The easiest way to give all this functionality to your handler is to write it in Perl, and enable HTTPerl at configure-time. While you could write your handler as a regular HTTPi executable or "quasi-NPH-CGI" and use the subset of CGI environment variables HTTPi provides you to obtain the relevant context and arguments, by enabling HTTPerl instead you will then have access to the entire library of HTTPi functions and globals to correctly handle a request in an expected manner. While a list of official globals and functions is given below, in short, you will still have your original request in $address, the mountpoint of the web server in $path (to allow you to generate a true absolute path to a file), and you will still be able to call the various error subroutines to raise complaints to the client, as well as the New Security Model to appropriately handle UID/GID security. In fact, PHProxy requires HTTPerl be enabled to operate correctly.

Functions in HTTPi

Functions maintained in userfunc.in appear with the tag (userfunc.in) and the version they were first maintained there. All other functions are in httpi.in unless otherwise noted.

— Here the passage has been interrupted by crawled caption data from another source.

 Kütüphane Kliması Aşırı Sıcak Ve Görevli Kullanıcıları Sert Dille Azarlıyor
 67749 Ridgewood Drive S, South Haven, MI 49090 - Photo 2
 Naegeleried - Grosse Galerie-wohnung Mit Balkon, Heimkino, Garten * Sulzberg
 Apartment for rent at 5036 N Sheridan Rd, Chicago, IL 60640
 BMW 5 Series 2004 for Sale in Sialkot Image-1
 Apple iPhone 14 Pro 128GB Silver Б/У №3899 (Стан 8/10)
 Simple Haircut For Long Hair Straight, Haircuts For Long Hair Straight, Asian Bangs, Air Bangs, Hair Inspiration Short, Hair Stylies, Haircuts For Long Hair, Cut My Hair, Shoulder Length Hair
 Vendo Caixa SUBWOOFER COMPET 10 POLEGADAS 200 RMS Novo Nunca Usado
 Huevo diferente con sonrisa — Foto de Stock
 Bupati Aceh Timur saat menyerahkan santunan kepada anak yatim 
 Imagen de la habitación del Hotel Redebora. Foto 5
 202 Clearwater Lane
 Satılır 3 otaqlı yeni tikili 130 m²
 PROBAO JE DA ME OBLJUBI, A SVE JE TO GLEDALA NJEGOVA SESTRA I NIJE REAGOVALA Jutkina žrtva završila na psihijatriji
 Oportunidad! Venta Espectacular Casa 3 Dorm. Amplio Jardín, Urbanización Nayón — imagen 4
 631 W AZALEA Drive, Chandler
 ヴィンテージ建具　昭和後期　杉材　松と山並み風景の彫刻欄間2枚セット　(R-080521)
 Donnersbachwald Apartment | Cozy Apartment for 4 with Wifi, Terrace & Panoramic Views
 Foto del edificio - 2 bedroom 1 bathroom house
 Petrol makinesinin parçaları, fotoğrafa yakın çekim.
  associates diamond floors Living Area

Networking functions (roughly ordered by appearance)

sub sock_to_host
This function takes the result of getpeername(STDIN) and turns it into a hostname. Used for the log subroutine and executable support. Normally handled by similarly named functions in Socket.pm and like-minded modules, but HTTPi has its own socket support built-in. Unlike 0.1, the current version is hardcoded to use the STDIN filehandle. A list of (hostname, port, IP) is returned; if hostname lookups are off, IP addresses are returned in both the hostname and IP address sections. In 1.4 and up, sock_to_host attempts to cache the results for future calls using the $cache_ip $cache_hn $cache_port globals. In stunnel under 1.6 and up, this function uses the environment variables provided by stunnel instead.
sub absolver
1.5 and up; only valid if the "absolver" DNS option was selected during configuration. This function takes exactly the same arguments as the Perl internal function gethostbyaddr, but wraps the call in a timeout. If the "absolver" is not enabled, then the call is replaced by one to gethostbyaddr and absolver is not defined.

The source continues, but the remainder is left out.